The time has finally come for me to put my house up on the market for sale. I have thought about selling it a few times over the past two years, but none of those times ever really felt right. This time it feels right. About two weeks ago, a settled feeling came over me. I felt as if my mind and body was letting me know that it is time to say farewell to my house and New York state.
I do love New York. New York City is a cultural mecca and extremely diverse. Upstate NY is particularly beautiful. I love the lushness of the landscape and experiencing the four seasons. However, I have lived here since I came to America when I was two years old. First in Brooklyn in NYC and then Upstate since 1991. It is time for a change. I greatly desire to experience living in another part of the country. I am also not crazy about the harsh Upstate NY winters. I do not like shoveling snow, and I have never been able to find someone who is willing to shovel the snow that falls in front of my house in a way that does the job well, and without me having to be concerned that it will get done at all. If I want it done right, I have to do it myself. If we get a major snowstorm I have to go out there and shovel about every hour to keep up with it as the snow falls for hours throughout the day, and sometimes into the night.

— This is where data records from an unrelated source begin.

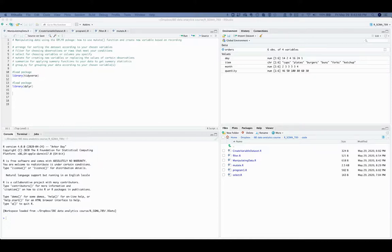This video will explain how to use the function mutate in R to create new variables by replacing certain values of existing variables. Sometimes certain observations of existing variables may have incorrect values, and you may create new variables with those incorrect values corrected. The mutate and replace functions help you to do that.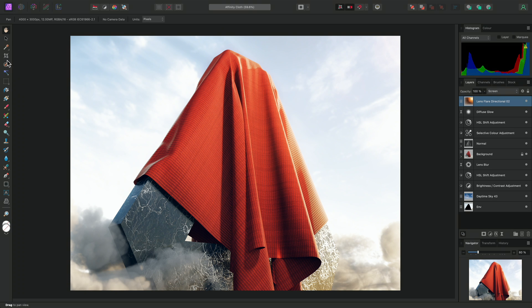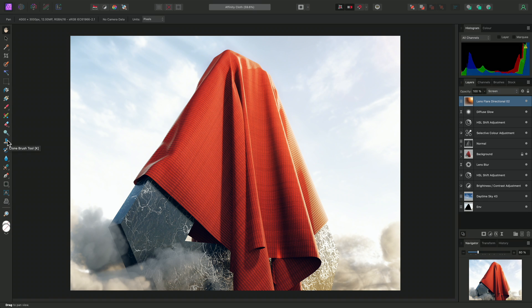For example, there is the Crop tool, Paintbrush tool, and Clonebrush tool.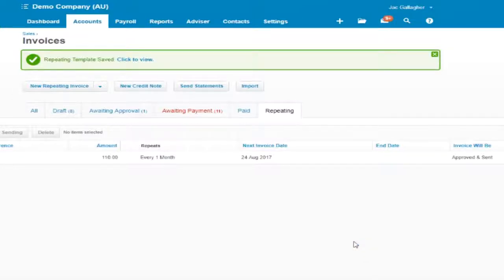So that is a set and forget, it doesn't need to be looked at again until such time as that contract changes.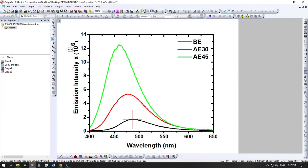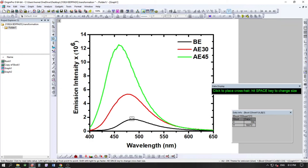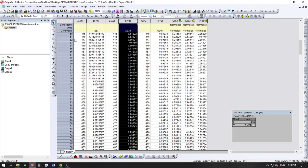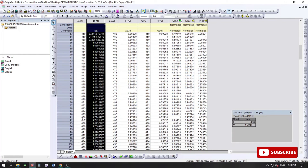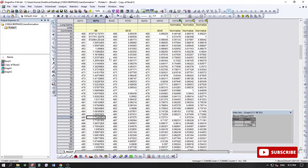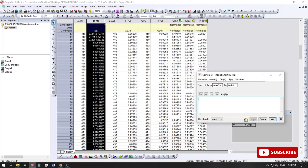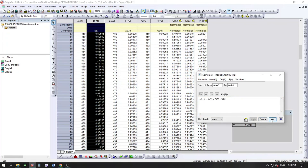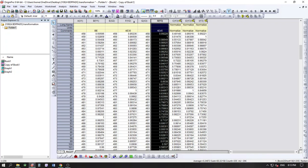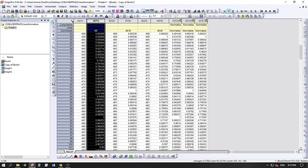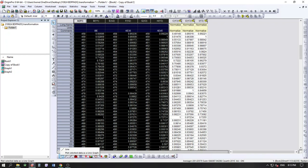For the third column, we check the highest value. Looking at the data around 486 nm, we find the maximum is 1.72. Copy that number, go to Set Column Values, and enter: column B = column B divided by 1.72. Click Apply and OK. All three columns are now manually normalized.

I am currently interviewing realtors. By Monday I plan to make my decision on who will list my house.
This house that I have been living in since 2004 has been such an honor and a blessing in my life. I love old historic homes, so I enjoyed restoring this Queen Anne Victorian. My wish is that its next steward will love her, at least, as much as I did, and continues to do her justice. Before I came along she had gone through more than a dozen years of abuse by slumlords. It is a miracle that she was still standing when I decided to buy a house here, but that is a testament to her strength. Houses are not built like they used to be.